YOUR TASK » Repeat every record word for word and omit the images.

====== DATA FOR REVIEW ======

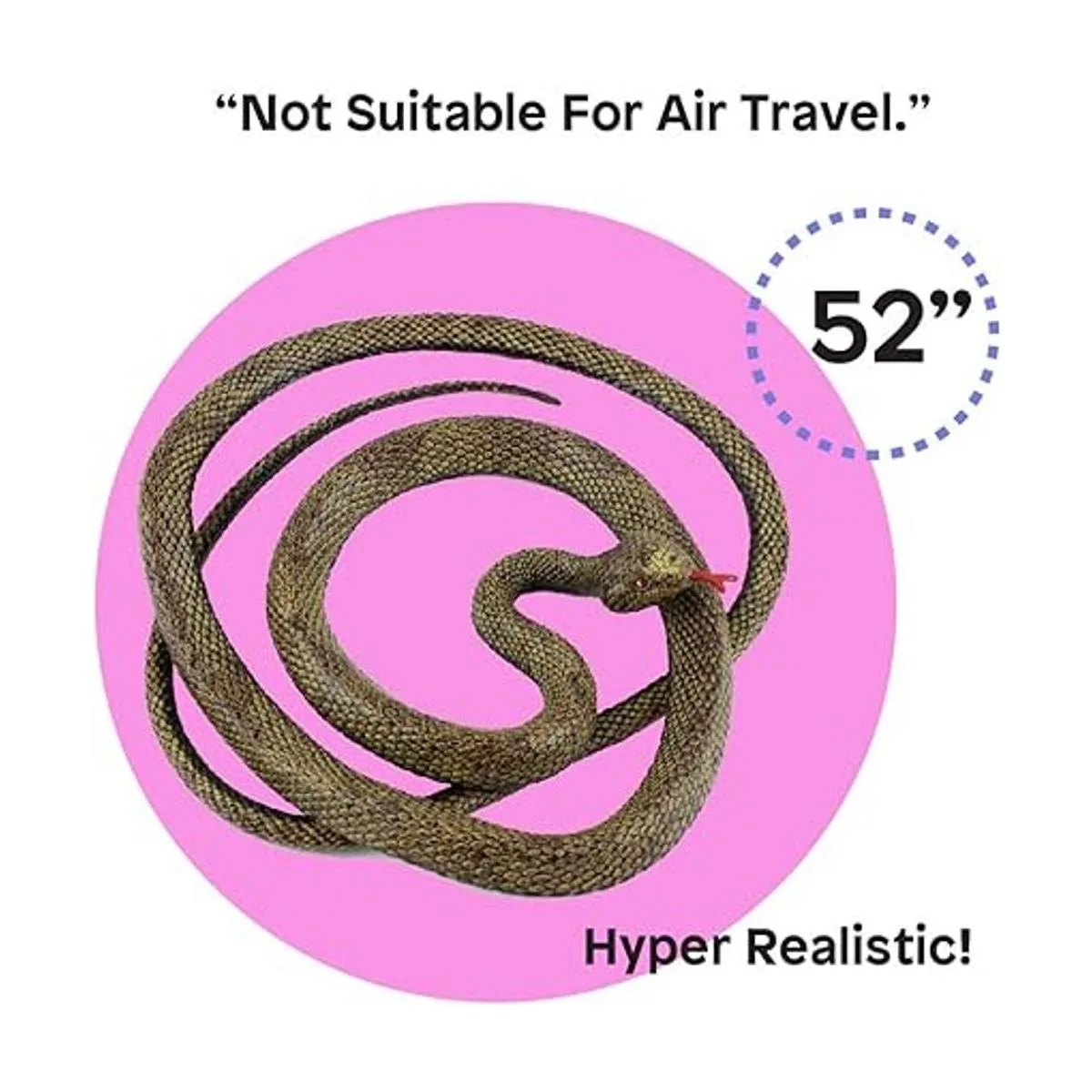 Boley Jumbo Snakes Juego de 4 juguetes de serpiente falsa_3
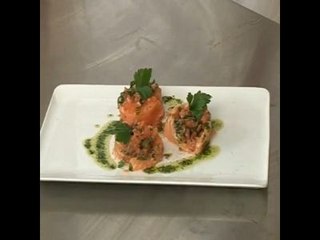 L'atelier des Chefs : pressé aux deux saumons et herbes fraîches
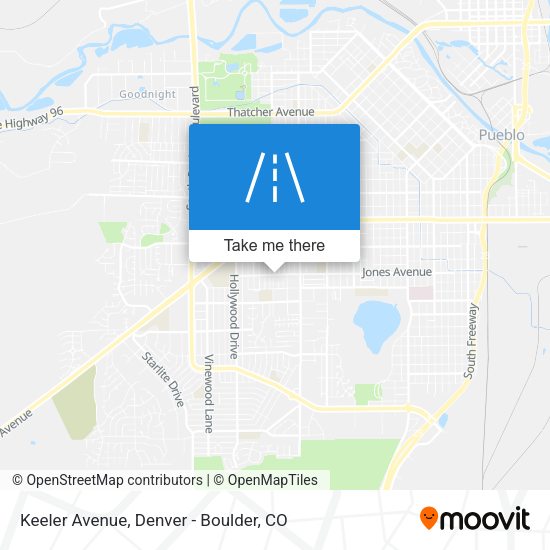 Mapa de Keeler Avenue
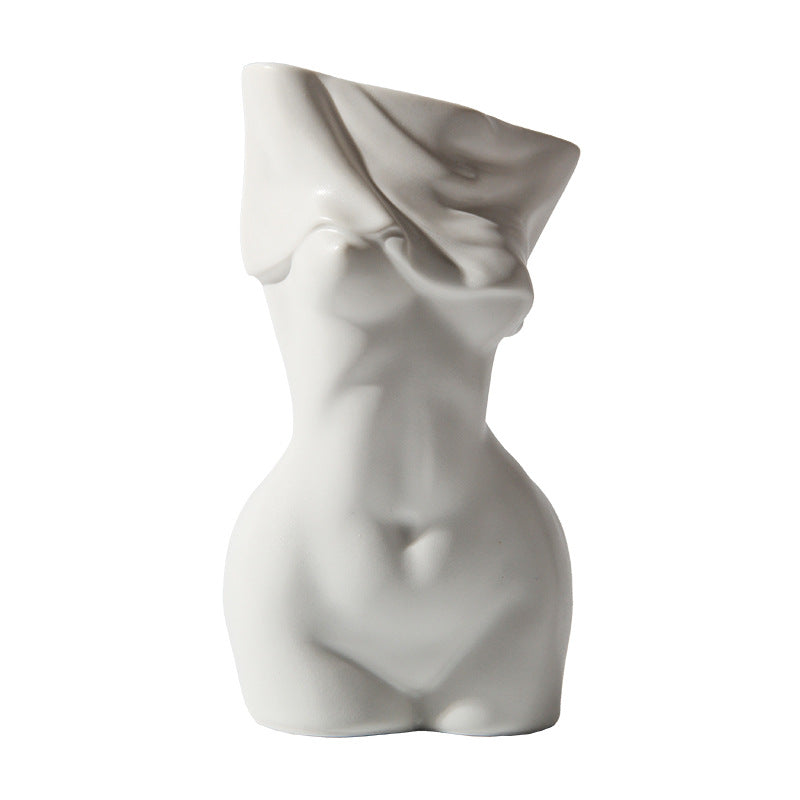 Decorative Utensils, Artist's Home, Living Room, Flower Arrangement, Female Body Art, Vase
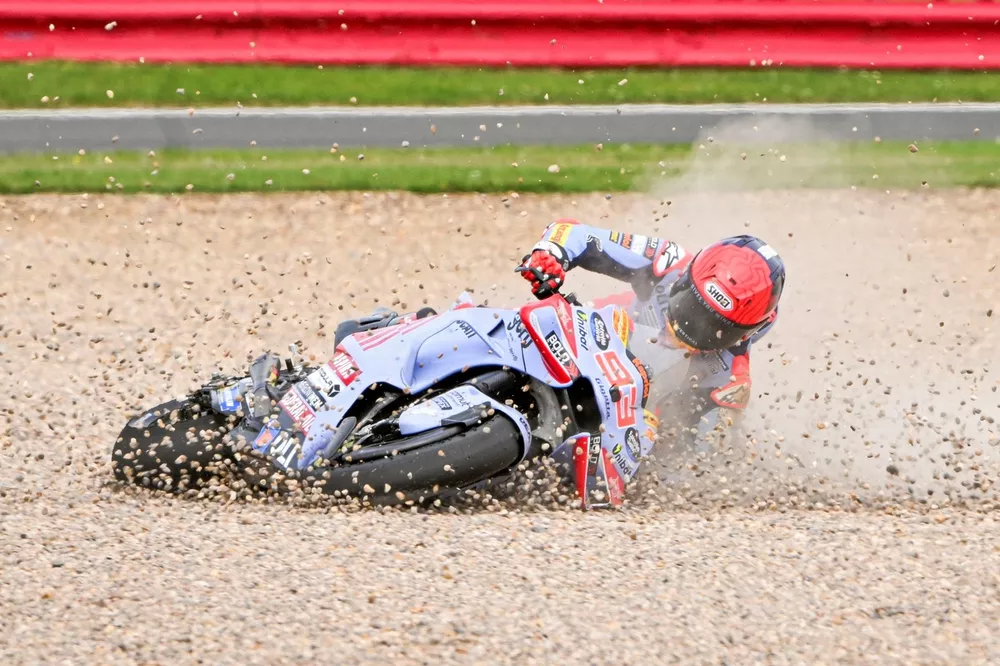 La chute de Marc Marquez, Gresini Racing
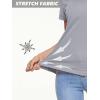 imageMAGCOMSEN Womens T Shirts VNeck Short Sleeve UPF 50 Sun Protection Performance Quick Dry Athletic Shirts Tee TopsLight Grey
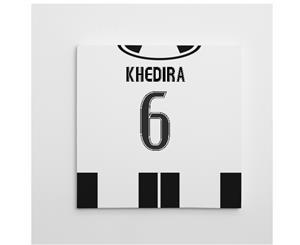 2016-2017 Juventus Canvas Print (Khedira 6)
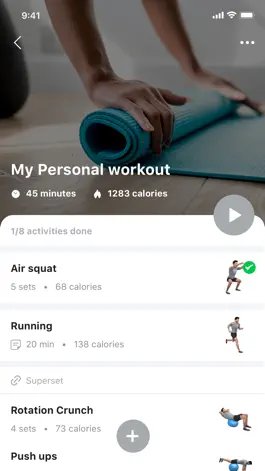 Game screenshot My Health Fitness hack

======

RESPONSE AREA »
 Boley Jumbo Snakes Juego de 4 juguetes de serpiente falsa_3
 L'atelier des Chefs : pressé aux deux saumons et herbes fraîches
 Mapa de Keeler Avenue
 Decorative Utensils, Artist's Home, Living Room, Flower Arrangement, Female Body Art, Vase
 La chute de Marc Marquez, Gresini Racing
 imageMAGCOMSEN Womens T Shirts VNeck Short Sleeve UPF 50 Sun Protection Performance Quick Dry Athletic Shirts Tee TopsLight Grey
 2016-2017 Juventus Canvas Print (Khedira 6)
 Game screenshot My Health Fitness hack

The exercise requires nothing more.